I saw a sneak preview of the Korean/American film Past Lives a few days ago. It's a quiet, enigmatic film—in many ways the opposite of the frenetic Everything, Everywhere, All at Once, and it's been getting a lot of press. It follows a few decades in the life of Nora, who leaves Korea at the age of twelve along with her parents, who have arranged for the family to emigrate to Canada. Nora seems unperturbed by the change; She's bright and willful. In an instant she's become an adult and moved to New York to pursue a career as a playwright.
The plot centers on Nora's relationship with Hae Sung, the boy she left behind in Korea when both were pre-teen kids. At some point Nora and a friend (her mother?) are having some fun on the laptop, looking up people they knew in Korea, and Nora discovers that Hae Sung has also been looking for her. They reconnect via Zoom or Skype, and begin a vague, dreamy correspondence about where their lives are going, how they still think about each other, and so on. Should Hae Sung pay Nora a visit in New York? No, he's studying engineering and plans to go to China to learn Mandarin. It will be good for his career. Maybe Nora should visit him in Seoul? No thanks.

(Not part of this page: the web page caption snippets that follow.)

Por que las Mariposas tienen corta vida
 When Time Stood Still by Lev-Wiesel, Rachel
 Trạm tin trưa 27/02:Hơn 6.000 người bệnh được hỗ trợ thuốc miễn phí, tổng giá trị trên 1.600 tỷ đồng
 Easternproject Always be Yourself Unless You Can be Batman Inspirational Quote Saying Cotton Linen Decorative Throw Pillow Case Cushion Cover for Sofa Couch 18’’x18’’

Nora finally suggests that it would be best if they discontinue their conversations. Reluctantly, Hae Sung agrees.
At a writer's retreat, Nora meets Arthur, a likeable novelist and self-styled "New York Jew" in the Joel Fleischman mold. On their first evening together (as I recall), Nora shares a few bottles of beer with Arthur, and also the Korean concept of “inyun,” a personal connection established in past lives and now bearing fruit—not dissimilar, as far as I can tell, from the Turkish concept of "kismet."

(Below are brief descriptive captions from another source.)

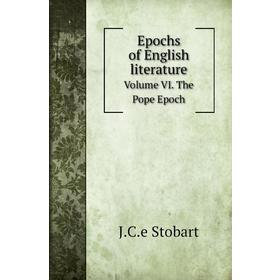 

Книга Epochs of English literature. Volume VI. The Pope Epoch. J. C. e Stobart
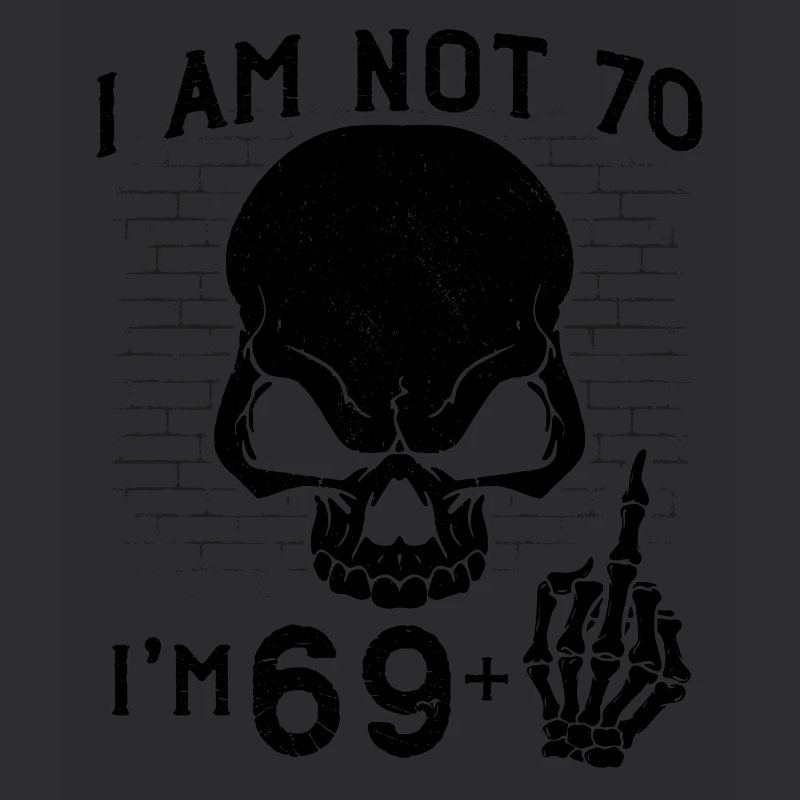 I Am 69 Plus Middle Finger - 70th Birthday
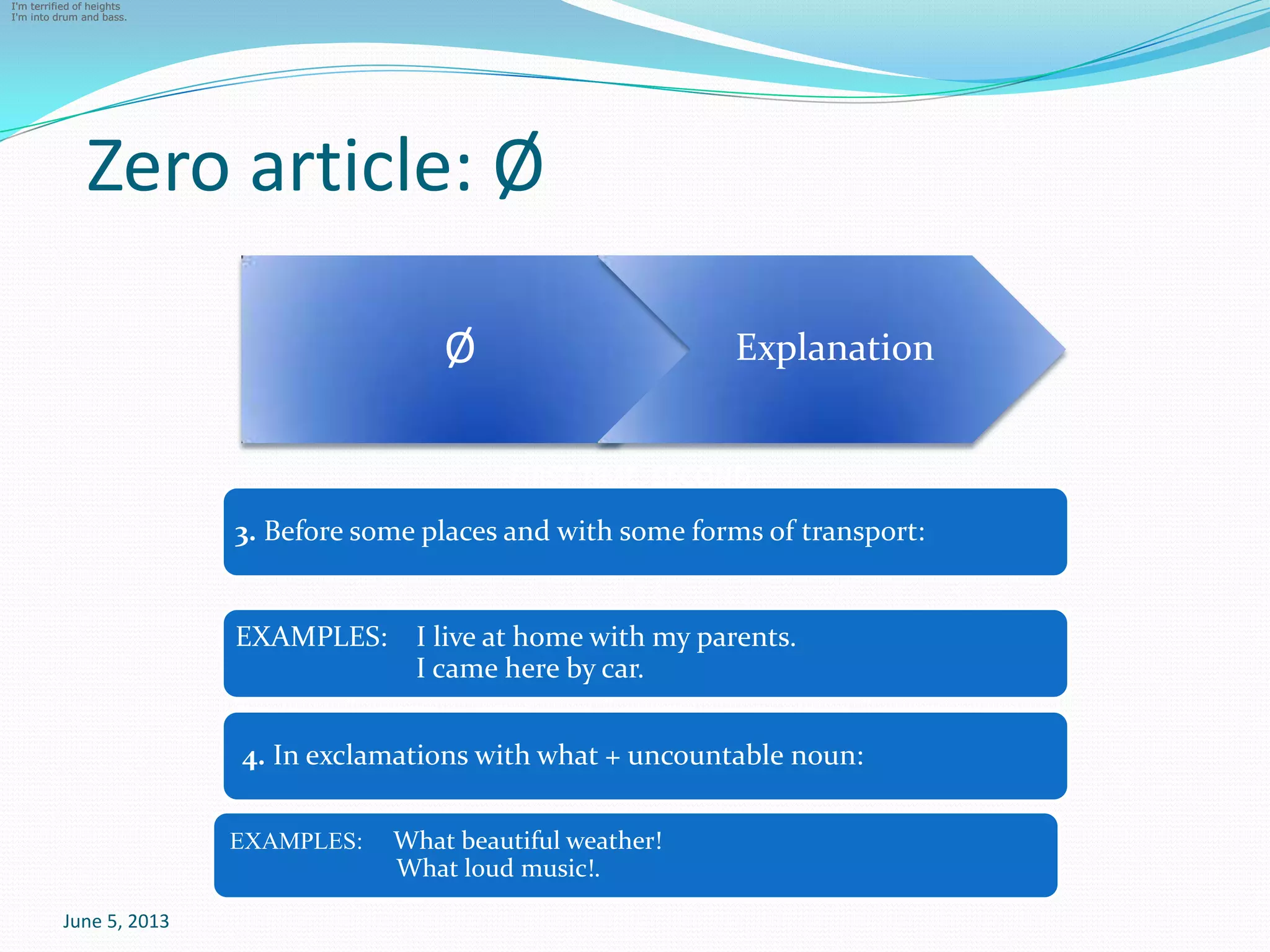 Zero article: Ø
June 5, 2013
FIRST TIME, SECOND
Ø
I'm terrified of heights
I'm into drum and bass.
I'm terrified of heights
I'm into drum and bass.
I'm terrified of heights
I'm into drum and bass.
Explanation
3. Before some places and with some forms of transport:
EXAMPLES: I live at home with my parents.
I came here by car.
4. In exclamations with what + uncountable noun:
EXAMPLES: What beautiful weather!
What loud music!.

A few frames, and ten years, later, we find Arthur and Nora married and living together in a tiny Brooklyn apartment.
Although the film isn't long by modern standards, it seems to have taken a long time to reach this point. Nora is lively and interesting to look at, and she and Arthur seem to be a good pair, but many viewers will be eager for the other shoe to drop.
Yes, Hae Sung plans to visit New York. Nora agrees to spend some time with him, of course, and Arthur is pretty cool about. Hae Sung has a good job and a fiancée in Korea, but as Arthur puts it: "He's coming half way around the world to see you, after all."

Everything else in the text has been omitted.